In commemoration of the 50th anniversary of Freedom Summer, the photographs of award-winning civil rights photographer Herbert Randall Jr. are being displayed in the University of Southern Mississippi’s Cook Library Art Gallery and Learning Commons Gallery. The exhibit, titled Freedom Summer, 1964: The Photographs of Herbert Randall features 43 of nearly 2,000 photographs taken during the historic summer of 1964.

Randall served as the official photographer during Freedom Summer, when an alliance of local residents, out-of-state college students and voting rights organizers from all across the U.S. gathered in Hattiesburg to secure the right for African Americans to vote in Mississippi. During that summer Randall captured 1,759 images, which he donated to University Archives at Southern Miss.

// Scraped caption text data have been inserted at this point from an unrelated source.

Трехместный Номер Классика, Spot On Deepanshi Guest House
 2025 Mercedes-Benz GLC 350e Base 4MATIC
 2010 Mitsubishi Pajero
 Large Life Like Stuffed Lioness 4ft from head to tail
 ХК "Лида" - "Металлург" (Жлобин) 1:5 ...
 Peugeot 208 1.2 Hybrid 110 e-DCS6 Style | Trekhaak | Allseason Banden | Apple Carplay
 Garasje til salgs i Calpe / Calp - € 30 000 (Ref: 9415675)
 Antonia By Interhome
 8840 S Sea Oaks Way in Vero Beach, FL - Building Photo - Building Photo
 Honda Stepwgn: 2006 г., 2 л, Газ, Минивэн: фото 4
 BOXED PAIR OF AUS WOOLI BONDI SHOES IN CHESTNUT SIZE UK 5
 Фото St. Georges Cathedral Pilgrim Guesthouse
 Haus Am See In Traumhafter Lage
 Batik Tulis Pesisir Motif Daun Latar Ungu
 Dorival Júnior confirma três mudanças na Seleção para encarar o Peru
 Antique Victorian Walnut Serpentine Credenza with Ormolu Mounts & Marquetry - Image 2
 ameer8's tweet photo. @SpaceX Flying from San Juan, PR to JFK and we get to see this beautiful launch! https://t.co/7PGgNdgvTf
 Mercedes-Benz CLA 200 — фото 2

Additionally, Randall’s work is permanently represented in the collections at the Metropolitan Museum of Art, the Museum of Modern Art, the New York Public Library and the Library of Congress.

Bobs Tusa, author of the 2001 book Faces of Freedom Summer: The Photographs of Herbert Randall, wrote that Randall was an African and Native American from New York who was only 28 when he was awarded the prestigious John Hay Whitney Fellowship Award for Creative Photography. 

Shortly after receiving the award, he met and befriended Sanford Rose “Sandy” Leigh, director of the Freedom Summer project in Hattiesburg, who requested Randall use his fellowship to travel to Hattiesburg and serve as the official photographer.

Dr. Steven Moser, dean of the College of Arts and Letters, recognizes the importance of the historical exhibit and says he is proud to have the College partner with University Libraries to showcase Randall's photos.

"Herbert Randall's work captures a very dramatic time in America and particularly in Mississippi. The Civil Rights movement in Hattiesburg during the summer of 1964 was a significant period in the freedom struggle,” Moser said. “These wonderful photographs capture that struggle. As we commemorate the 50th anniversary of Freedom Summer, we invite everyone to visit Cook Library and experience this profound exhibit.” 

The exhibit is open to the public and will run through Sept. 6. Visitors must check in at the Cook Library circulation desk to access the gallery. For more information, contact the Department of Art and Design at www.usm.edu/visual-arts or call 601.266.6788.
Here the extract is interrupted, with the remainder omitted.